[Stored entries]

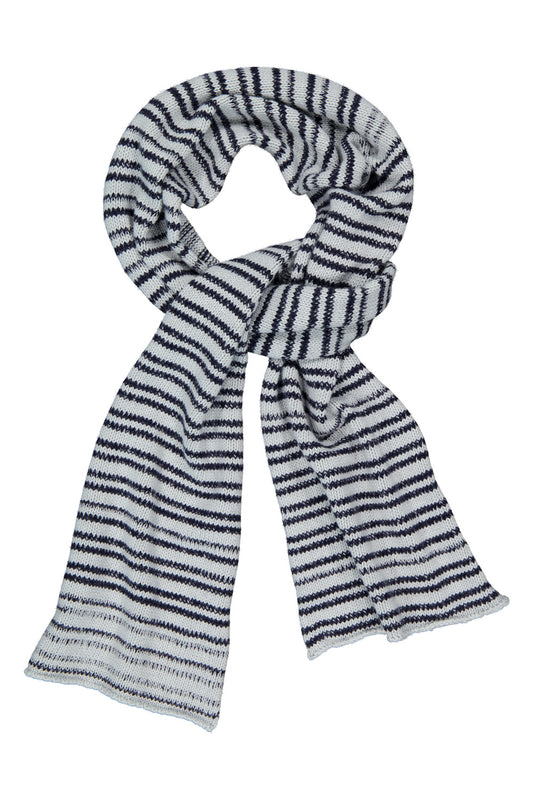 Striped light and dark blue scarf on a white background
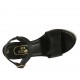 Sandalo da donna in pelle nera con cinturino, plateau e zeppa 8 - Misure disponibili: 32, 42, 45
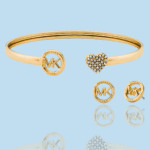 luxury logo stud earrings & heart accent bangle set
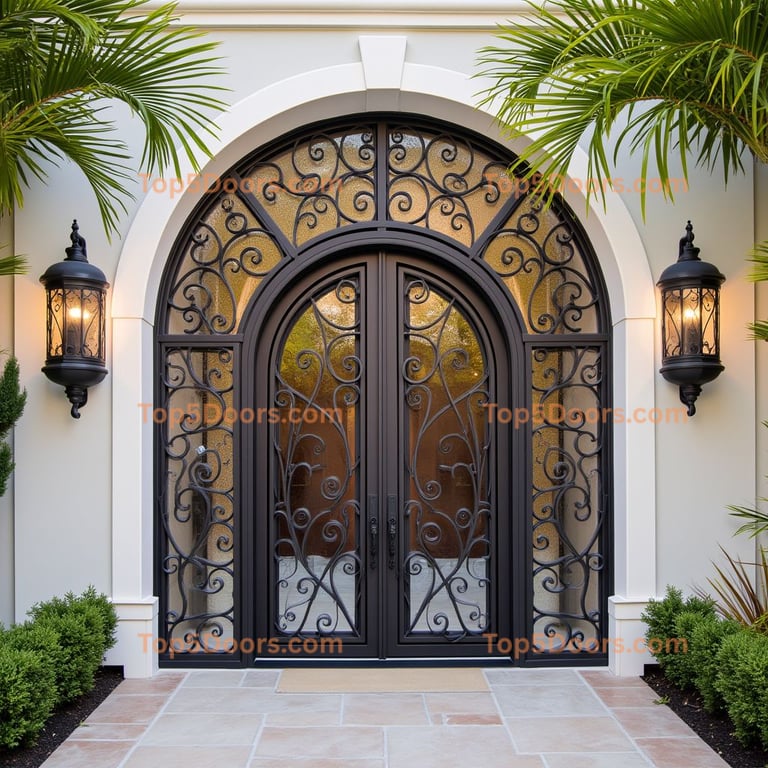 Black Metal Double Door with Scrollwork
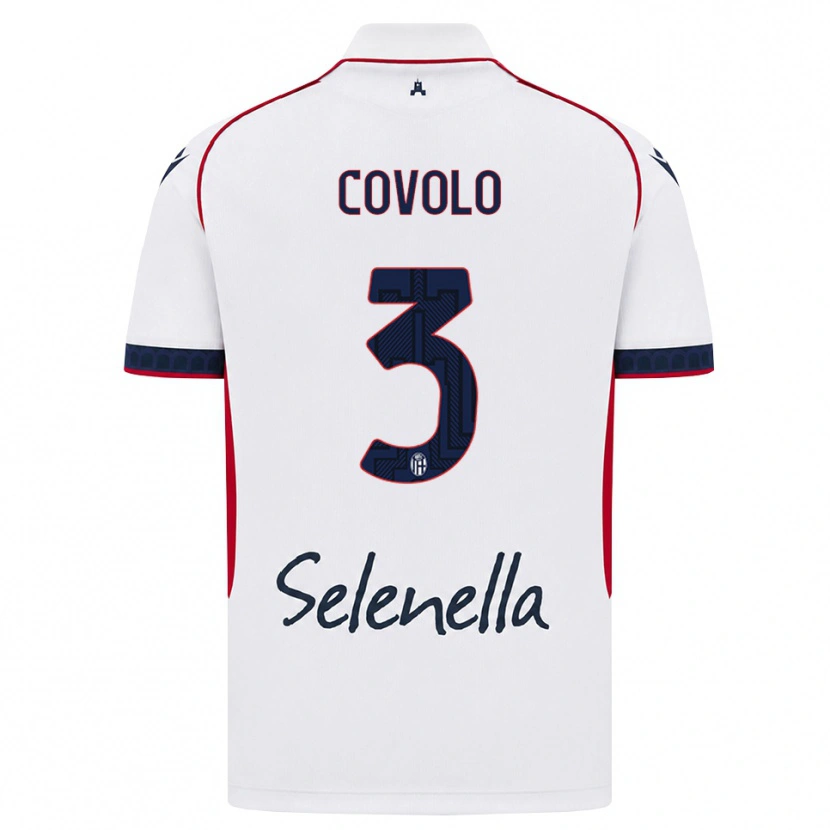 Danxen Kinder Giovanni Covolo #3 Weiß Rot Königsblau Auswärtstrikot Trikot 2026/27 T-Shirt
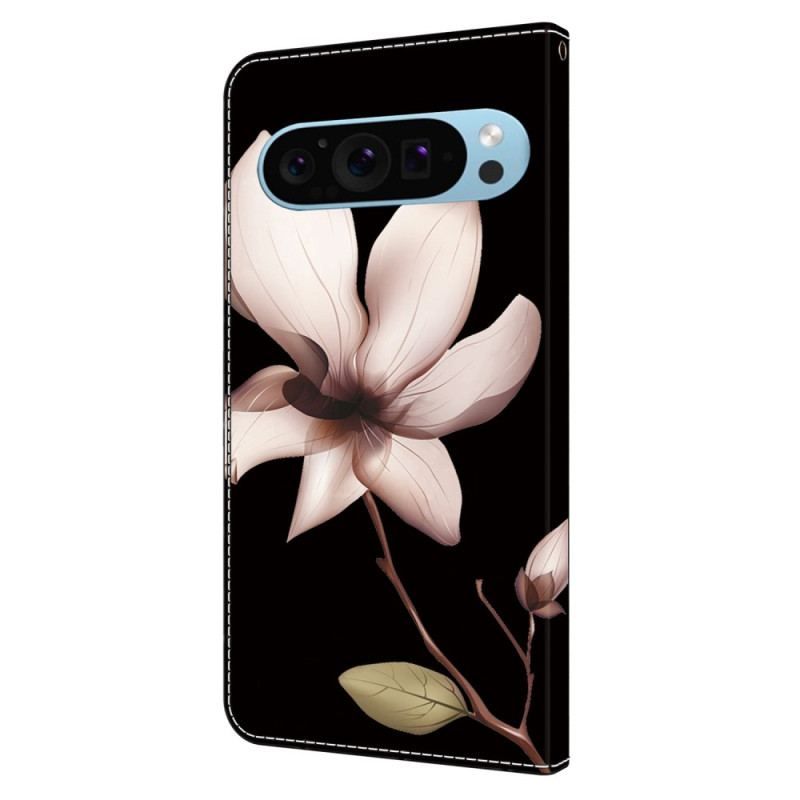 Læder Cover Google Pixel 9 Pro Xl Telefon Etui Lyserød Blomst På Sort Baggrund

Activity - Though the entries above contain pictures, none should be copied; reproduce only the lines between the one holding "Sandalo da donna" and the one holding "Danxen Kinder Giovanni", inclusive, exactly as written.

Response -
 Sandalo da donna in pelle nera con cinturino, plateau e zeppa 8 - Misure disponibili: 32, 42, 45
 luxury logo stud earrings & heart accent bangle set
 Black Metal Double Door with Scrollwork
 Danxen Kinder Giovanni Covolo #3 Weiß Rot Königsblau Auswärtstrikot Trikot 2026/27 T-Shirt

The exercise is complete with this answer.